Life can be “the school of Hard Knocks.” Life can also be the “School of Lucky Breaks.” Here is a reality. You are living. Obvious isn’t it? But since you are going to live, and have experiences, you might as well learn from them, so as to not repeat the mistakes of the past, and increase the chance you’ll get the repeat the good decisions, right?

2013 was the toughest of my life. I reached the highest place of my professional accomplishment to date. I also had several of the worst experiences of my life. Failure and success have walked hand in hand. I’ve had people work hard to extort money from me and I’ve had some of the most meaningful personal interactions of my life.

What are the learning opportunities? I’m sharing some with you here. Others, I’m writing down and letting sit for a while.

Certain roads I never want to travel again. Others, I want to travel over and over.

Goes back to reading the map doesn’t it?

Why experts still read the manual. Life Lesson #16

Learn to read maps.

Centrax delivers lost luggage for the airlines at Minneapolis/St Paul international airport. For a few years right out of college, I was one of their contractors, delivering the delayed bags to homes and businesses all over the Twin Cities.

In the days before GPS, we had to learn to read the map books. Kings and Hudson’s were the standards. Learning to read these maps made the difference between making good money and lousy money. To find some places, a simple glance at the number would suffice. 1525 Portland Avenue S would be somewhere between 15th and 16th street, on the odd side of the street. No need to consult the map. Other times, even the map didn’t clarify where we were going. The homeowner would have to meet us on the street.

At first, the lines and markers made no sense to me, requiring constant revision. As time went on, the grid dropped in my head.  However, if you ever got lost, you’d call George*. George was almost incomprehensible, his diction a teacher’s nightmare. But George knew everywhere in the Cities.

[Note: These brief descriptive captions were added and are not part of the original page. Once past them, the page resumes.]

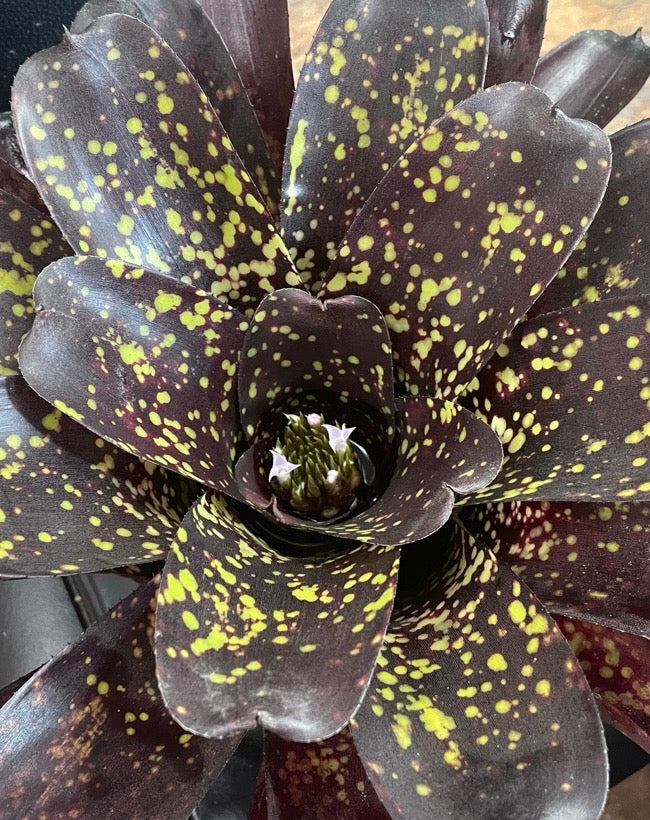 Neoregelia ‘Blueberry Muffin’ x ‘Jonathan Kajiwara’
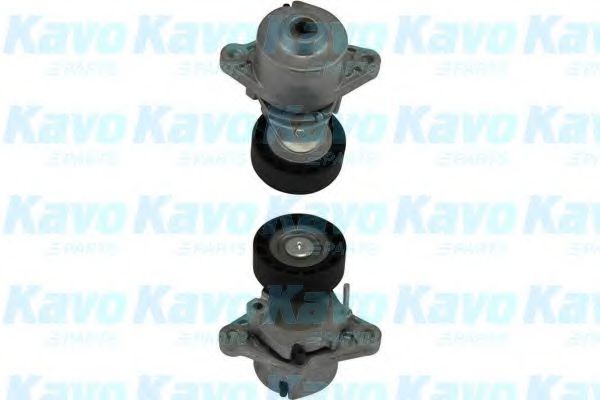 DTP-3017 rola intinzator,curea transmisie KAVO PARTS 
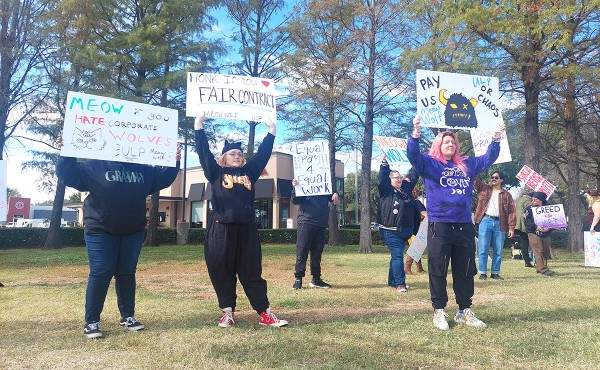 Meow Wolf Workers Hold 3-Day ULP Strike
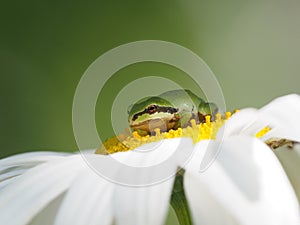 Pacific Tree Frog on a daisy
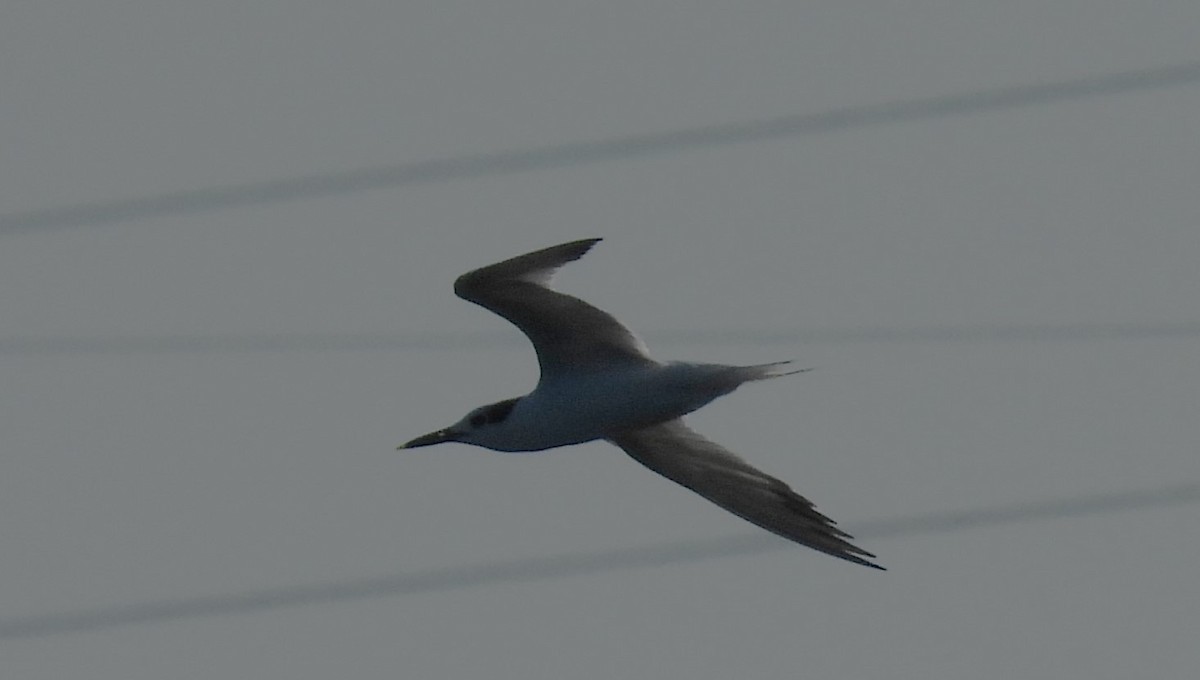 Sandwich Tern - ML624079371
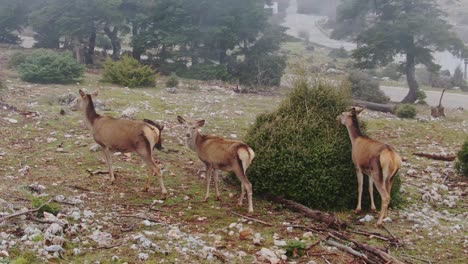 close up of deers in a foggy landscape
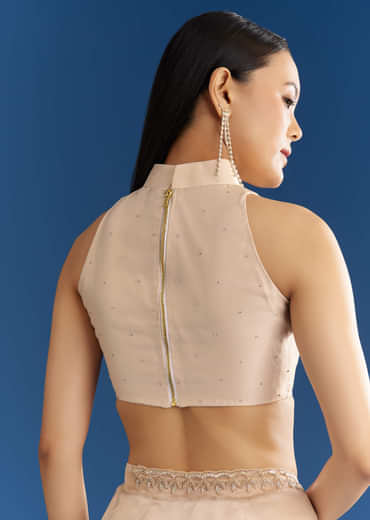 Beige Organza Tissue Saree With Delicate Embellished Edge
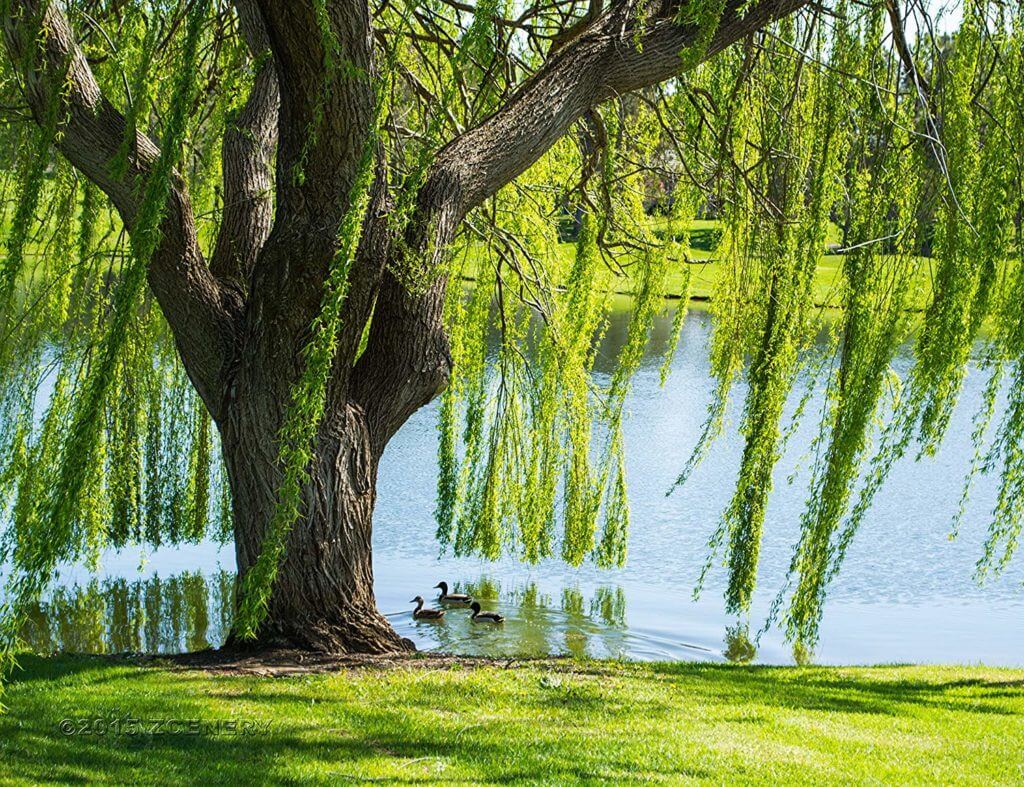 Dương Liễu Mộc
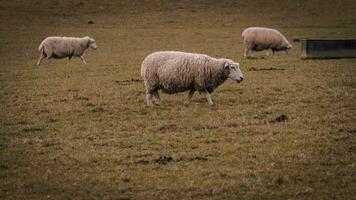 Flock of Woolly Sheep on a Countryside Farm photo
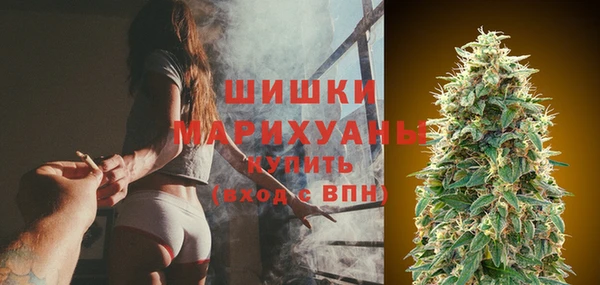 ГАЛЛЮЦИНОГЕННЫЕ ГРИБЫ Карталы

Funny thing about George though. He still consulted the map frequently. He knew more than all of us combined, but he checked himself according to the map all the time.

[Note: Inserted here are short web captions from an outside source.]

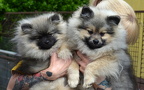 spitzbabies6m11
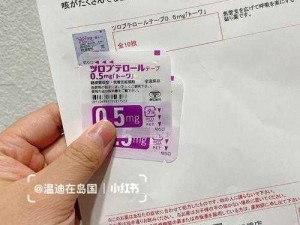 porefree 日本中国进口男女通用隐形毛孔贴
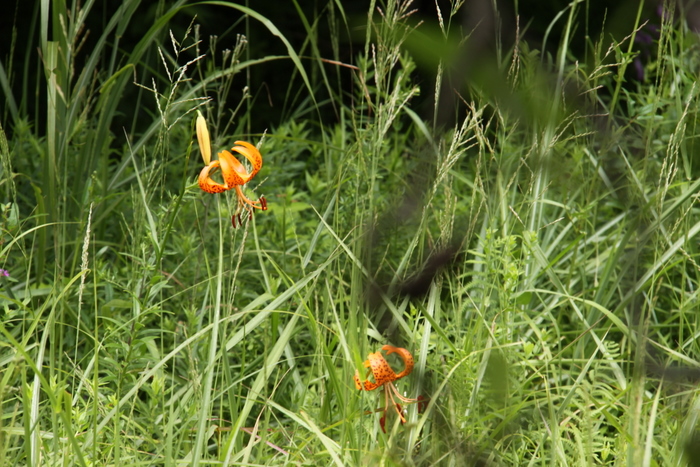 b0165522_6101770.jpg
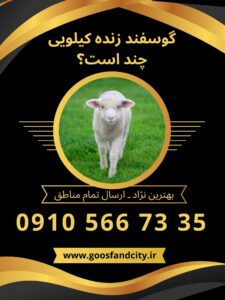 گوسفند زنده کیلویی چند است؟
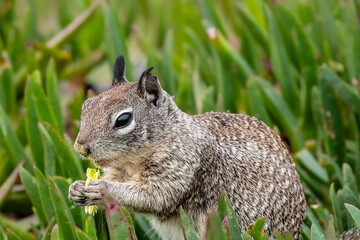  Squirrel eating a yellow flower close up in the grass © Gail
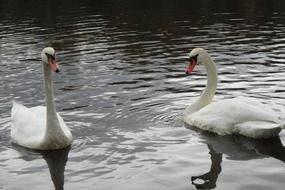 two white swans on water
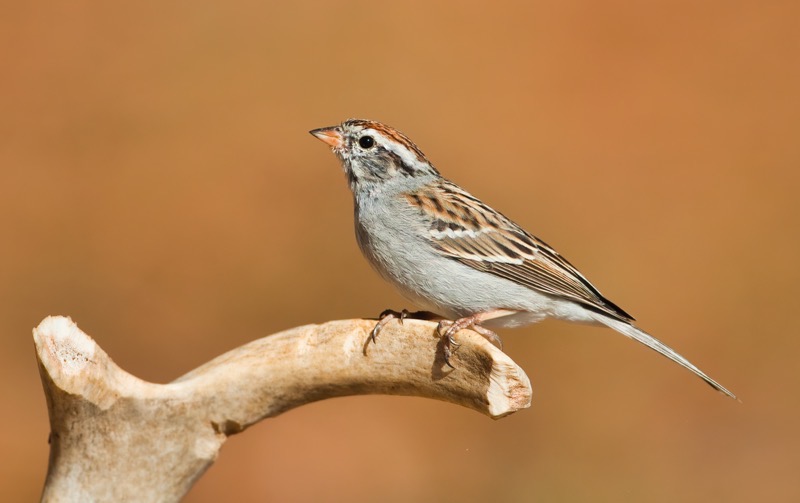 Chipping Sparrow 2105-110310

Learning how to do life is often like reading a map. We repeat mistakes, over and over. Wisdom and maturity comes in when we take a step back and say “wait a minute. I’ve been here before. How did I get here?”

Coming up on 40, I realize I’m not quite where I want to be in some areas of my life. I’m re-evaluating, looking at the map again. How did I get here, and how do I get where I want to go?

Still consulting the map.

Don’t quit that loser job: 40 Life Lessons I learned before I turned 40: #11

Don’t quit your job, even if it’s a bad one.

My great Uncle Donny grew up in remote Arkansas. He tells of going hunting with friends for squirrels. On their way out into the woods, the boys passed Grandpa, holding his shotgun just sitting in a plastic folding chair in front of an enormous oak, right along the tree line.

“Grandpa, come with us.”

“No, thanks boys. Ya’ll have fun.”

And they did have fun, hunting all afternoon, walking miles upon miles.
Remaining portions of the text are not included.